— Кого я вижу?! Привет, Ульф! — воскликнул он.
— Привет, старина, — отозвался Ульфин и, подойдя к окну, о чем-то пошептался со своим, суя по всему, близким приятелем. Офицер понимающе кивнул и, обернувшись вглубь комнаты, отдал какую-то команду. Спустя пару минут из-под высокой арки появились несколько великолепных морских коней, оседланных для верховой езды. Дети с помощью солдат взобрались в седла и отправились дальше, провожаемые недоуменными взглядами и возгласами случайных прохожих, некоторые из которых не могли удержаться от смеха, наблюдая фальшивохвостых пленников лихо скачущими верхом на боевых конях королевской гвардии.
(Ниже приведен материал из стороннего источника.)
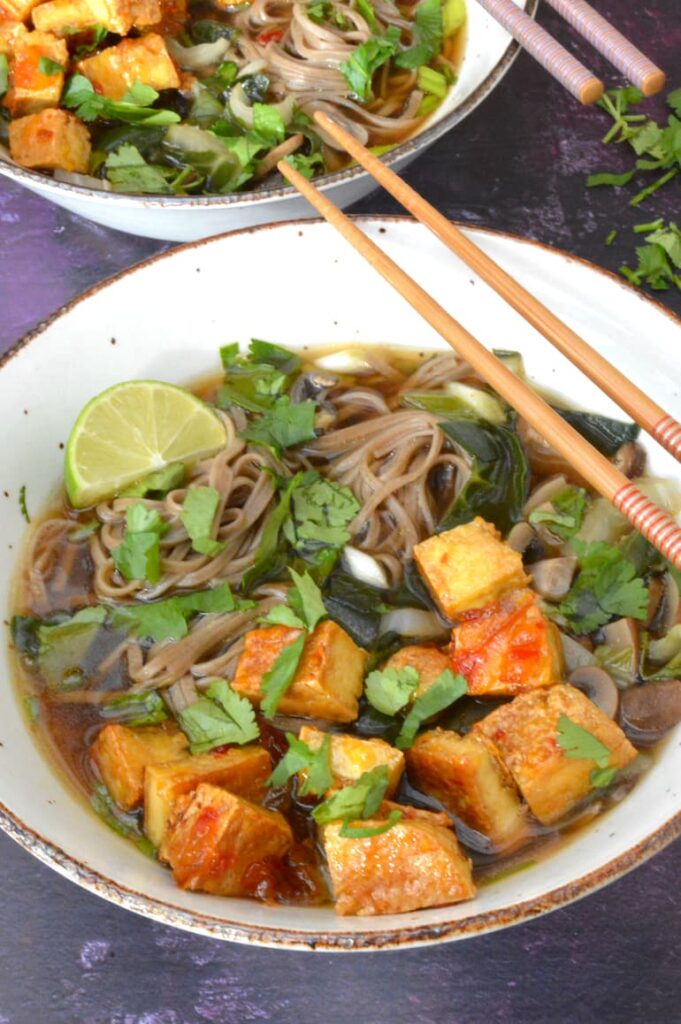 Two bowls of mushroom miso soup with hot marmalade tofu.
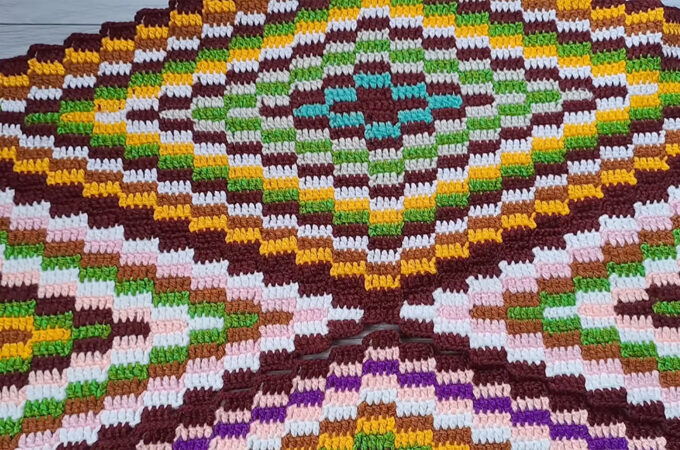 Crochet Area Rug Featured - A crochet area rug isn't just a floor covering—it's a conversation starter, a cozy statement, and a stunning way to personalize any space.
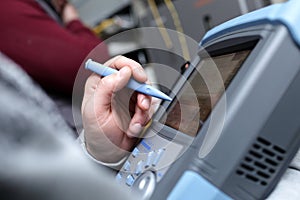 Technician with analyzer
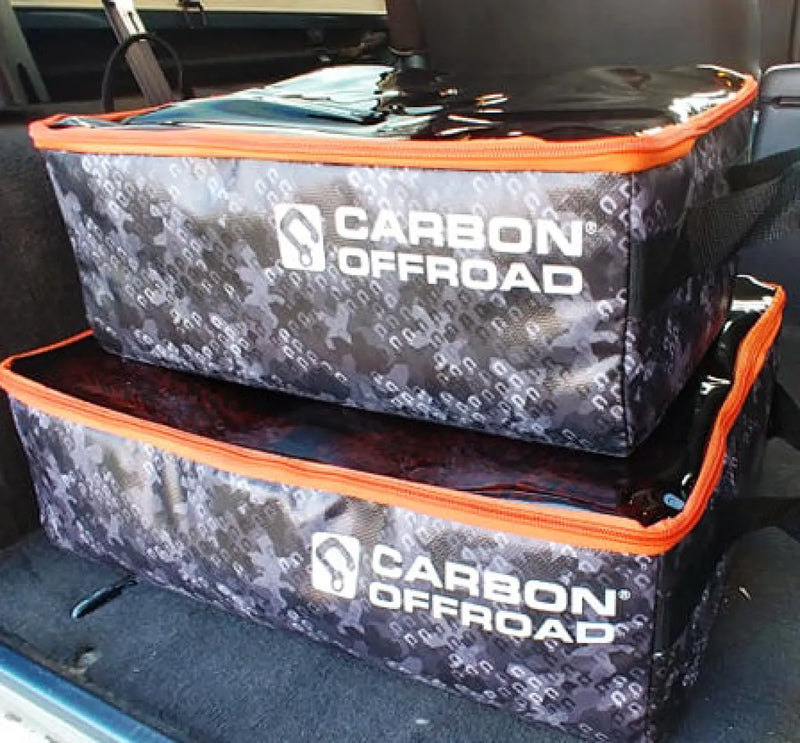 Carbon Offroad gear cube storage with camouflage pattern and orange trim on stacked containers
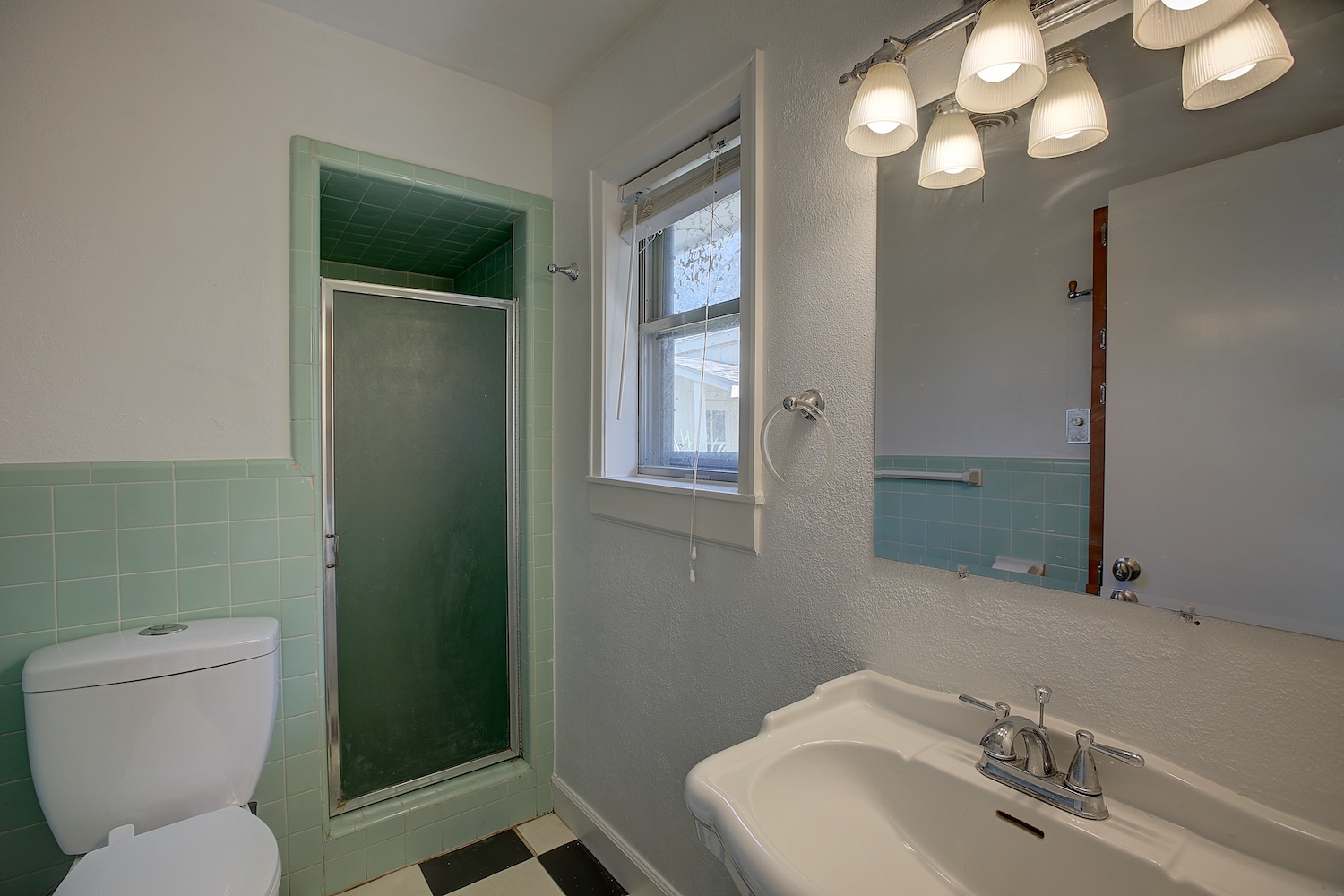 1607 South Elm Street Georgetown, TX 78626 - Photo 19 of 40 a bathroom with a toilet sink and mirror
Поездка по морскому дну чрезвычайно понравилась нашим любознательным героям, которые беспрестанно вертели головами, озирая с высоты седел впечатляющий подводный пейзаж. Однако вскоре они лишились этого удовольствия, поскольку дорога углубилась в широкий и длинный тоннель, вырубленный в скалистой породе и под довольно крутым наклоном поднимавшийся вверх. Этот тоннель, как и весь глубоководный мир вообще, освещался фосфорическим сиянием приспособленных для этой цели различных живых организмов.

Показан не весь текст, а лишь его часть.